David’s Law, named after David Molak, a 16-year-old child who died by suicide after being relentlessly cyberbullied, implemented legislation in 2017 that expanded the definition of bullying, and provided for anonymous reporting, earlier parental notification, and other tools to assist school districts, parents, police, and prosecutors in the fight to prevent and combat bullying and cyberbullying.

A student is typing a text message that says, 'you're ugly'

Prior to social media, bullying was primarily verbal or physical, such as pushing someone down the stairs or into lockers. However, with the advent of the internet and social media, cyberbullying can take place any day, any time, and in any location; there is no reprieve from it. Since cyberbullying is not face-to-face, a person who bullies does not see how their words and actions impact someone. They do not see the face behind the screen. They can write “I hope you die” or other devastating words and remain relatively detached from the reactions and harm they cause.

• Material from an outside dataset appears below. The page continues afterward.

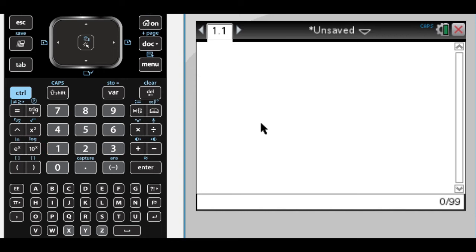This is going to be question number two from the 2006 AB and BC exams, and it's about cars making turns at an intersection.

Bullying also impacts school safety and climate. The U.S. Secret Service National Threat Assessment Center (NTAC) released a report, Protecting America’s Schools, in 2019 after analyzing 41 incidents of targeted school violence that occurred in U.S. K-12 schools from 2008 to 2017. One of their findings was that most attackers had been persistently bullied by their classmates and the bullying had been witnessed by others. This was again confirmed in a report published in 2021, Averting Targeted School Violence. After studying 67 incidents of disrupted plots against K-12 schools between 2006-2018, the NTAC found that almost one-half of those who plotted an attack experienced bullying by their peers. To be clear, being a target of bullying does not mean that they are more likely to be violent towards others or to enact school violence. Rather, when identifying the motives of those who plotted school attacks, the NTAC found that the motive was most often a grievance against peers, and many cited retaliation for being bullied.

What is bullying?

The action or threat:

  • Causes physical harm or reasonable fear of harm to a student or their property
  • Is sufficiently severe, persistent, or pervasive enough that it creates an educational environment that is intimidating, threatening, or abusive
  • Causes substantial disruption of a student’s education, or to a classroom or school operations
  • Infringes on a student’s rights at school

As cyberbullying can happen anywhere, at home, school, or in the community, and it can take place before or after school hours, the law includes bullying that occurs:

  • At the site of a school-sponsored or school-related activity on or off school property.
  • On a school bus or vehicle being used for transportation of students to or from school or a school-sponsored or school-related activity.
  • Off school property, but it interferes with a student’s education, or disrupts the operation of a classroom, school, or school-sponsored or school-related activity.

What is hazing?

Texas Education Code defines hazing as any intentional, knowing, or reckless act, occurring on or off campus, by one or more people, toward a student for the purpose of pledging, being initiated into, affiliating with, holding office in, or maintaining membership in an organization if the act:

  • Is any type of physical brutality, such as whipping, beating, striking, branding, electronic shocking, placing of a harmful substance on the body, or similar activity
  • Involves sleep deprivation, exposure to the elements, confinement in a small space, physical activity, or other similar activity that causes the student an unreasonable risk of harm that affects the mental health, physical health, or safety of the student
  • Involves eating, drinking, or substance use that subjects the student to an unreasonable risk of harm or that affects the mental health, physical health, or safety of the student
  • Is any activity that makes the student do something illegal
  • Involves making a student use drugs or alcohol to the point of intoxication

Any student that engages in hazing, including encouraging hazing, planning or participating in hazing, or knowledge of hazing and not reporting it can be found guilty of criminal conduct.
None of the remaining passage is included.